**Problem to work on:** The data must be given again exactly as written, with all images omitted.

**Collected material:**

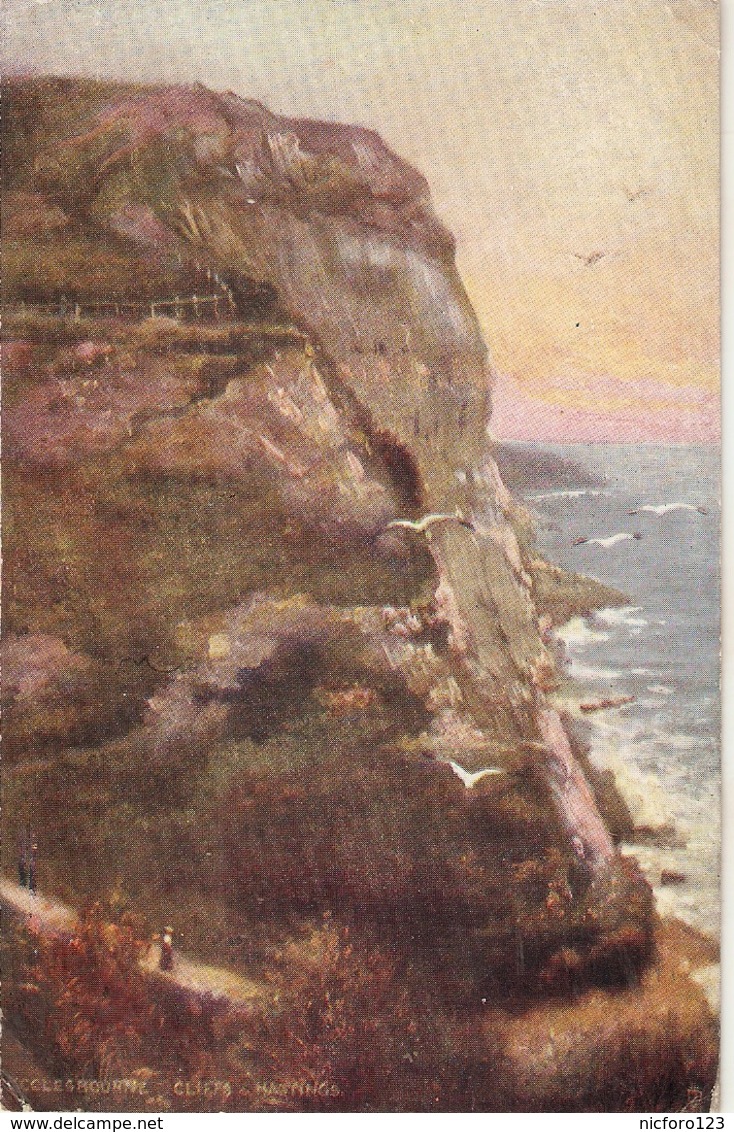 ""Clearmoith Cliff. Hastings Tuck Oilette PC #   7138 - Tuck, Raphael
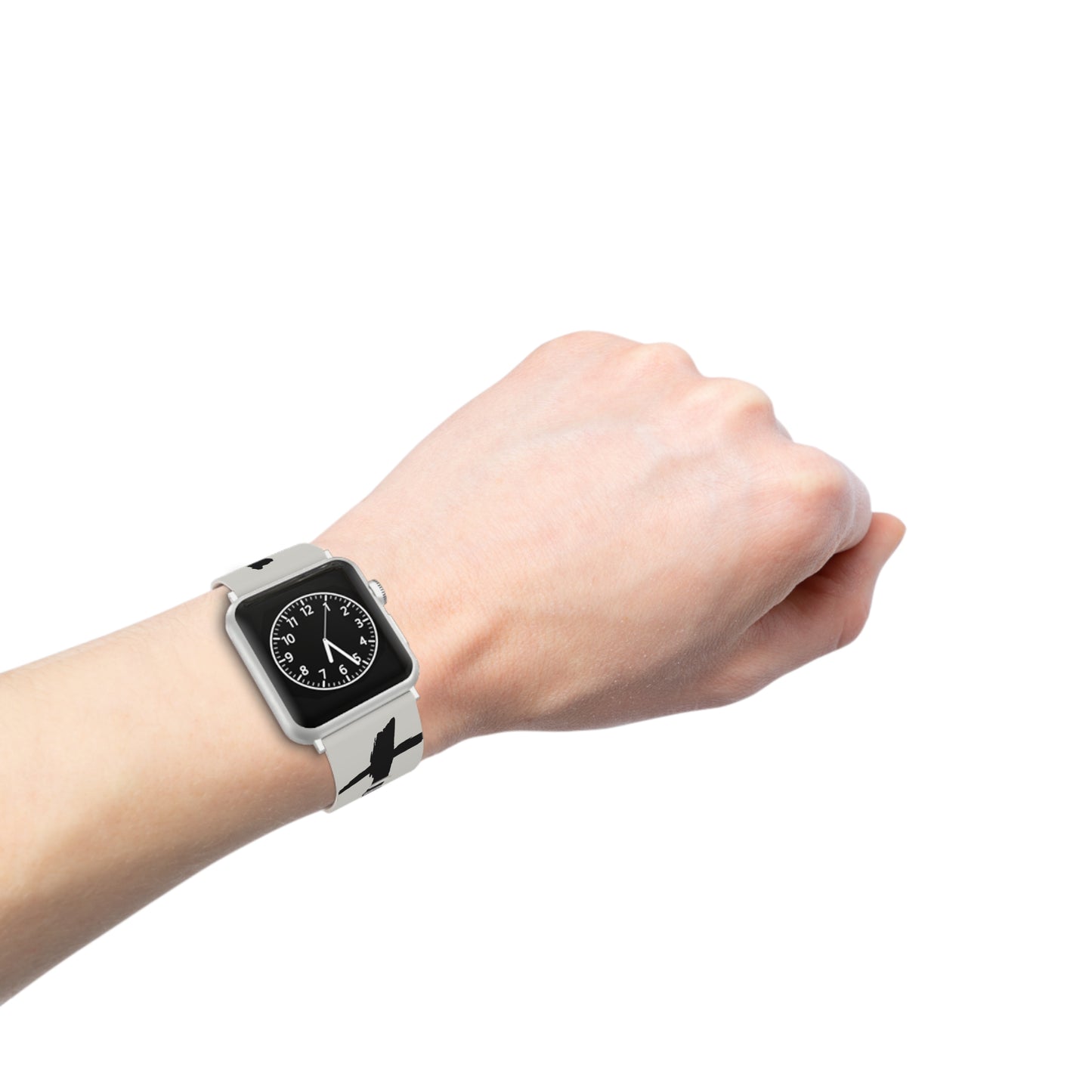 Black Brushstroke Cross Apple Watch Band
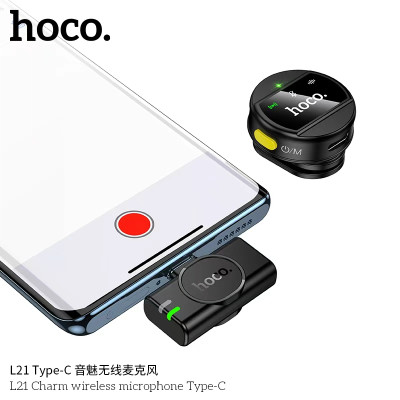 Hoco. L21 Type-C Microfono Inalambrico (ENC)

**Result for this task:**
 ""Clearmoith Cliff. Hastings Tuck Oilette PC #   7138 - Tuck, Raphael
 Black Brushstroke Cross Apple Watch Band
 Hoco. L21 Type-C Microfono Inalambrico (ENC)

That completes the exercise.